April 1st, 2009 · 4 Comments

I was ordering lunch at the local super market yesterday. The clerk was trying to confirm my order, but I had a hard time to understand what she said. She had a very heavy accent. In the end, she came out, and pointed to the items on the menu one by one to make sure I understood.

I was very patient, and smiling throughout the conversation. I knew how hard she was trying to communicate. I didn’t want her to feel bad.

I had been in her situation before. When my family just immigrated to the United States, I spoke very little English. I was very frustrated that people didn’t understand me. The worst was when people said "what?!", and simply dismissed what I said because they didn’t understand me due to my accent.

I was fortunate that I came to the United States at a young age, and was able to reduce my accent significantly. The funny thing is as I’m growing older, I’m less and less concerned about my accent.

In fact, I’m proud of my accent because it reminds me of where I come from. I’m proud of my heritage.

Let me tell you a story.

When I was a freshman at University of California at Berkeley, Chang-Lin Tien was the chancellor. In case you never heard about Chancellor Tien, he was born in China, and grew up in Taiwan. He finished his PhD in 24 months at Princeton University, and became a professor at UC Berkeley when he was 23 years old. When he was 26 years old, he became the youngest professor ever to receive UC Berkeley’s distinguish teaching award. He was an authority in thermal heat transfer. It was well documented that whenever NASA had any heat transfer related problems, the first person they call was Chang-Lin Tien. And he was the first Asian American who led a major research university.

But, I was shocked when I heard Chancellor Tien speaking for the first time. He was born in the Chinese city of Wuhan. Although he had lived in the United States for 30+ years, he still spoke with a very heavy accent. I had to fully concentrate to understand what he said.

Later I learned that "Chancellor Tien was a naturalized U.S. citizen who said he was deeply grateful to be an American, but he also was proudly Chinese. When he became chancellor, he declined the suggestion from well-meaning supporters that he seek coaching to speak with less of an accent."

I was deeply moved by this story. Accent is not a liability. It shows where I came from. It’s my heritage.

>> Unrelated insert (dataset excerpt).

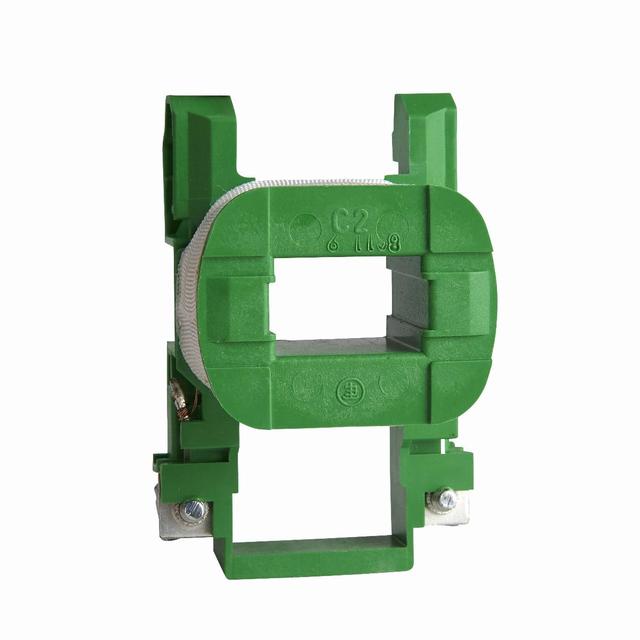 Cewka do stycznika TVS LC1E25 50Hz 415VAC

Of course, anyone who speaks English with an accent should make sure people understand you. But, don’t feel bad about your accent. Be proud.

If you’re a native English speaker, don’t look down or make fun of people who speak with an accent. Let me ask you a simple question: can you speak their native languages as well as the way they speak English? ๐Ÿ™‚

By the way, there are plenty of successful people in America who speak with heavy accents. Have you ever heard Henry Kissinger speaking?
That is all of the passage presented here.